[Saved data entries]

====

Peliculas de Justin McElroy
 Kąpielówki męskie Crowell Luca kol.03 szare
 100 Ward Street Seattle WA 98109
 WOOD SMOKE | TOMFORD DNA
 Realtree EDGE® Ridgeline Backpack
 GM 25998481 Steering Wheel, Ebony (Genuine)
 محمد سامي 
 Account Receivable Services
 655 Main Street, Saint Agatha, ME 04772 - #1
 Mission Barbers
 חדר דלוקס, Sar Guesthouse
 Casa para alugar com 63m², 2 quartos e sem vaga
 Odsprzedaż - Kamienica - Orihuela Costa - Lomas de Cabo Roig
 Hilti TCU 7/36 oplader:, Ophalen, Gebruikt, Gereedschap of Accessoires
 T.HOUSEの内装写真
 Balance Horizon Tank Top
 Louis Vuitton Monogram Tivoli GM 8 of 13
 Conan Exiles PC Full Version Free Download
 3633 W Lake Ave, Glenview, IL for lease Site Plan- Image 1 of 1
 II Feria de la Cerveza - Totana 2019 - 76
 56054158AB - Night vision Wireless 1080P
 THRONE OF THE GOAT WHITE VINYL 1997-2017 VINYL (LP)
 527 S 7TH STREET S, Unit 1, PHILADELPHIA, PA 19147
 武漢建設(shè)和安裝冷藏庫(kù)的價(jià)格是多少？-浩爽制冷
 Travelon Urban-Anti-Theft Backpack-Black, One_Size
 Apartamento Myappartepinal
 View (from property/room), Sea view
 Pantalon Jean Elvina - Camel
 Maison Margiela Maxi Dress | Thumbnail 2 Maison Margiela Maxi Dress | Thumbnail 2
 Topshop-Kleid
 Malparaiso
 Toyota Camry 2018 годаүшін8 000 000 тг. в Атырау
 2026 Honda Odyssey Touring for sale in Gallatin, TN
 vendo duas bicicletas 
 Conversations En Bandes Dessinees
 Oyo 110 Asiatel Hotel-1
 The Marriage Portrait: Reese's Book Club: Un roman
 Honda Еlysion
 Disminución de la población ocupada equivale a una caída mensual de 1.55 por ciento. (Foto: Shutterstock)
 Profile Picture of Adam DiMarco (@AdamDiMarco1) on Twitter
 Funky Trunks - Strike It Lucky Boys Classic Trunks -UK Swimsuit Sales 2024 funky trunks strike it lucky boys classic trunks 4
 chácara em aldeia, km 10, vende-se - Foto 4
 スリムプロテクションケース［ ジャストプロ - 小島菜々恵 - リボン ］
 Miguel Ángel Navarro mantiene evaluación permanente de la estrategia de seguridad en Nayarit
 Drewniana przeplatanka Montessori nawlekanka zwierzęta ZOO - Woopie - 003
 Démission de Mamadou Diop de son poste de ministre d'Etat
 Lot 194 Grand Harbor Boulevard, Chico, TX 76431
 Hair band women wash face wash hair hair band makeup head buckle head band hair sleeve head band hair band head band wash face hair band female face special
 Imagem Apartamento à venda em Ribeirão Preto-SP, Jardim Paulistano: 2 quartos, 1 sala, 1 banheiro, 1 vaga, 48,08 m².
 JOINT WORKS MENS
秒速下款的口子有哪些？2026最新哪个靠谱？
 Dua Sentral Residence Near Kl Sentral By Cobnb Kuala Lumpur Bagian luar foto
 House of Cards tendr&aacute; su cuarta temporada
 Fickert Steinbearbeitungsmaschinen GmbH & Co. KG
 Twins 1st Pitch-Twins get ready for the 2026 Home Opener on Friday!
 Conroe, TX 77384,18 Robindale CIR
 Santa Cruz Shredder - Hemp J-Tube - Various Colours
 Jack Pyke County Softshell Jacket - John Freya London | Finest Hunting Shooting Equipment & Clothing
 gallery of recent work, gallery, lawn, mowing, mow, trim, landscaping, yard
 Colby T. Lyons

====

> [Required work]:
Write down exactly the span of lines above from the one containing "3633 W Lake" to the one containing "Santa Cruz Shredder", both ends included.

> [Answer section]:
 3633 W Lake Ave, Glenview, IL for lease Site Plan- Image 1 of 1
 II Feria de la Cerveza - Totana 2019 - 76
 56054158AB - Night vision Wireless 1080P
 THRONE OF THE GOAT WHITE VINYL 1997-2017 VINYL (LP)
 527 S 7TH STREET S, Unit 1, PHILADELPHIA, PA 19147
 武漢建設(shè)和安裝冷藏庫(kù)的價(jià)格是多少？-浩爽制冷
 Travelon Urban-Anti-Theft Backpack-Black, One_Size
 Apartamento Myappartepinal
 View (from property/room), Sea view
 Pantalon Jean Elvina - Camel
 Maison Margiela Maxi Dress | Thumbnail 2 Maison Margiela Maxi Dress | Thumbnail 2
 Topshop-Kleid
 Malparaiso
 Toyota Camry 2018 годаүшін8 000 000 тг. в Атырау
 2026 Honda Odyssey Touring for sale in Gallatin, TN
 vendo duas bicicletas 
 Conversations En Bandes Dessinees
 Oyo 110 Asiatel Hotel-1
 The Marriage Portrait: Reese's Book Club: Un roman
 Honda Еlysion
 Disminución de la población ocupada equivale a una caída mensual de 1.55 por ciento. (Foto: Shutterstock)
 Profile Picture of Adam DiMarco (@AdamDiMarco1) on Twitter
 Funky Trunks - Strike It Lucky Boys Classic Trunks -UK Swimsuit Sales 2024 funky trunks strike it lucky boys classic trunks 4
 chácara em aldeia, km 10, vende-se - Foto 4
 スリムプロテクションケース［ ジャストプロ - 小島菜々恵 - リボン ］
 Miguel Ángel Navarro mantiene evaluación permanente de la estrategia de seguridad en Nayarit
 Drewniana przeplatanka Montessori nawlekanka zwierzęta ZOO - Woopie - 003
 Démission de Mamadou Diop de son poste de ministre d'Etat
 Lot 194 Grand Harbor Boulevard, Chico, TX 76431
 Hair band women wash face wash hair hair band makeup head buckle head band hair sleeve head band hair band head band wash face hair band female face special
 Imagem Apartamento à venda em Ribeirão Preto-SP, Jardim Paulistano: 2 quartos, 1 sala, 1 banheiro, 1 vaga, 48,08 m².
 JOINT WORKS MENS
秒速下款的口子有哪些？2026最新哪个靠谱？
 Dua Sentral Residence Near Kl Sentral By Cobnb Kuala Lumpur Bagian luar foto
 House of Cards tendr&aacute; su cuarta temporada
 Fickert Steinbearbeitungsmaschinen GmbH & Co. KG
 Twins 1st Pitch-Twins get ready for the 2026 Home Opener on Friday!
 Conroe, TX 77384,18 Robindale CIR
 Santa Cruz Shredder - Hemp J-Tube - Various Colours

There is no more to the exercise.